START Supplied records

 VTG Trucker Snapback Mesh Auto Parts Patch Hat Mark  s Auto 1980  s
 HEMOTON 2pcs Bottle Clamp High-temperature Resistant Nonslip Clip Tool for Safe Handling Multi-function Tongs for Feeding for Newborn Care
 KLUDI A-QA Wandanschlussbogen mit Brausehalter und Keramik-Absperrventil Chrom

END Supplied records
START Supplied records

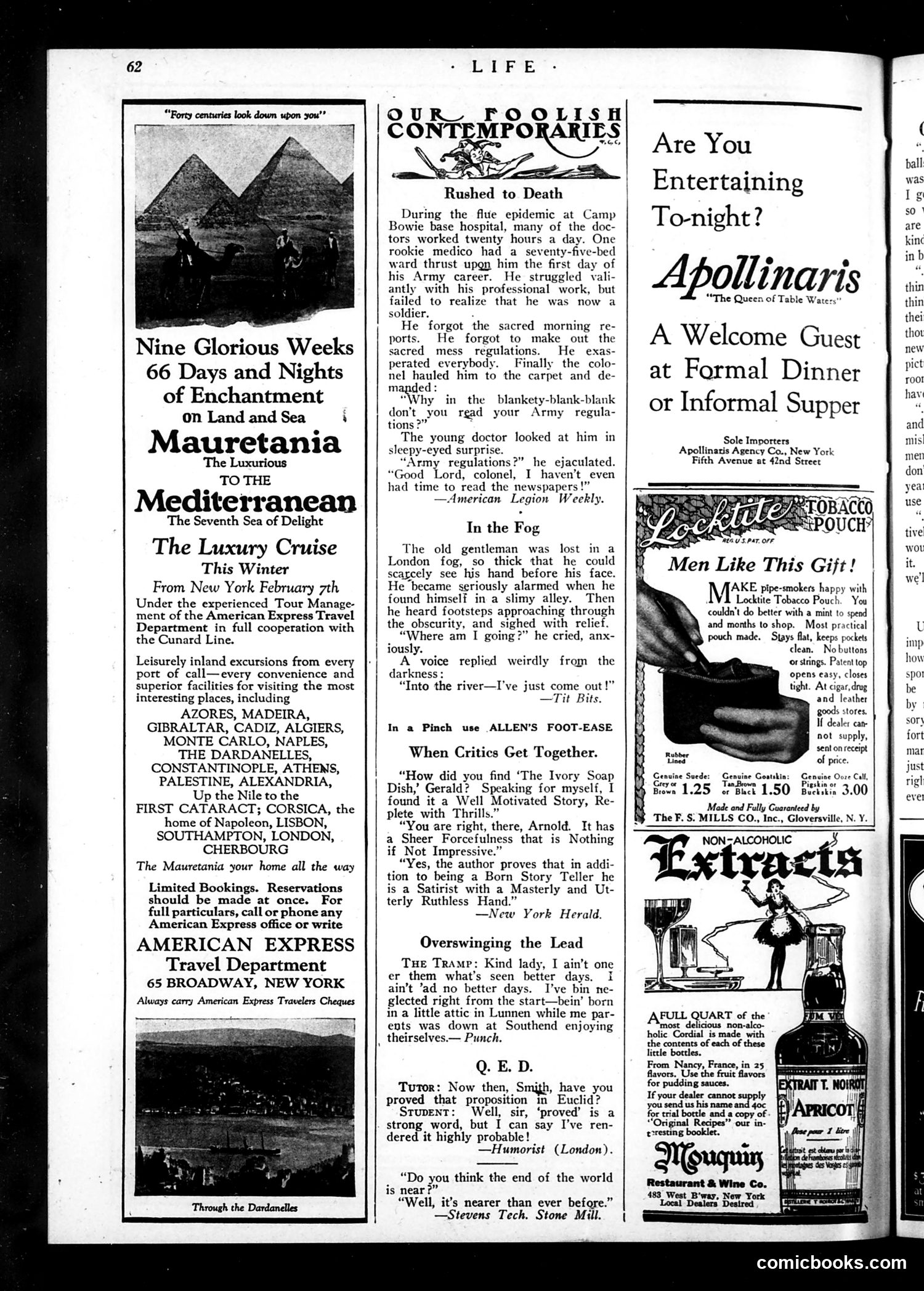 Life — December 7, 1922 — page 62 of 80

END Supplied records

> [Problem to work on]
Out of the material above, output word for word the line with "VTG Trucker Snapback", the line with "KLUDI A-QA Wandanschlussbogen", and all lines between them, with nothing else.

> [Result of this exercise]
 VTG Trucker Snapback Mesh Auto Parts Patch Hat Mark  s Auto 1980  s
 HEMOTON 2pcs Bottle Clamp High-temperature Resistant Nonslip Clip Tool for Safe Handling Multi-function Tongs for Feeding for Newborn Care
 KLUDI A-QA Wandanschlussbogen mit Brausehalter und Keramik-Absperrventil Chrom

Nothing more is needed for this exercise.